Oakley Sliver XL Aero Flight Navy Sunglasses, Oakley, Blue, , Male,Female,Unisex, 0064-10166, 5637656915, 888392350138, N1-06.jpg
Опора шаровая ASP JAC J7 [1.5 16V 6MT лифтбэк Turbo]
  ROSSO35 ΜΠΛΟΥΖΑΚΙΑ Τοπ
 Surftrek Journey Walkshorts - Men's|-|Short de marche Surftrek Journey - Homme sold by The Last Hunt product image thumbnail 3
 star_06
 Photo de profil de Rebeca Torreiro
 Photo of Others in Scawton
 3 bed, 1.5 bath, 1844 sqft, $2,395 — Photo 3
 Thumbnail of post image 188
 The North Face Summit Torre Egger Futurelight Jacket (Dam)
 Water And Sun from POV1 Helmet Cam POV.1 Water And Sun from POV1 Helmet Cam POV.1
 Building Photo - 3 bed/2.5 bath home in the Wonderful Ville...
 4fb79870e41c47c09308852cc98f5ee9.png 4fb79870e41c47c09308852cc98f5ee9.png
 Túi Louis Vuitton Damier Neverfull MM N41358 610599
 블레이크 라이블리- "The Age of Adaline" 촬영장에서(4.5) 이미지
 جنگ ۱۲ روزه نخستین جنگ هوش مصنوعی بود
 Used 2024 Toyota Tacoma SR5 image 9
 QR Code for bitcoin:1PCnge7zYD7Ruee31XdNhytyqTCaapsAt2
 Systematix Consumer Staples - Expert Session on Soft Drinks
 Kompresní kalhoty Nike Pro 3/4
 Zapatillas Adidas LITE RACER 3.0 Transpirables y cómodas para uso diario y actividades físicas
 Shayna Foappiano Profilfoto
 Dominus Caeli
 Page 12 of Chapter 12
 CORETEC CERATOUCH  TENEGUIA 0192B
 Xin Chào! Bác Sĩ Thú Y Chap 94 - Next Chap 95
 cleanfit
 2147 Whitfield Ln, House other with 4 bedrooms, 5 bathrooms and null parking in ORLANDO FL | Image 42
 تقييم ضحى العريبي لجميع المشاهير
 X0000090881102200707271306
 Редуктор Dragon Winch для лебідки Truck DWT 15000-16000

▸ EXERCISE
From the entries above, copy every line containing the word "Photo".

▸ RESULT OF THE TASK
 Photo de profil de Rebeca Torreiro
 Photo of Others in Scawton
 3 bed, 1.5 bath, 1844 sqft, $2,395 — Photo 3
 Building Photo - 3 bed/2.5 bath home in the Wonderful Ville...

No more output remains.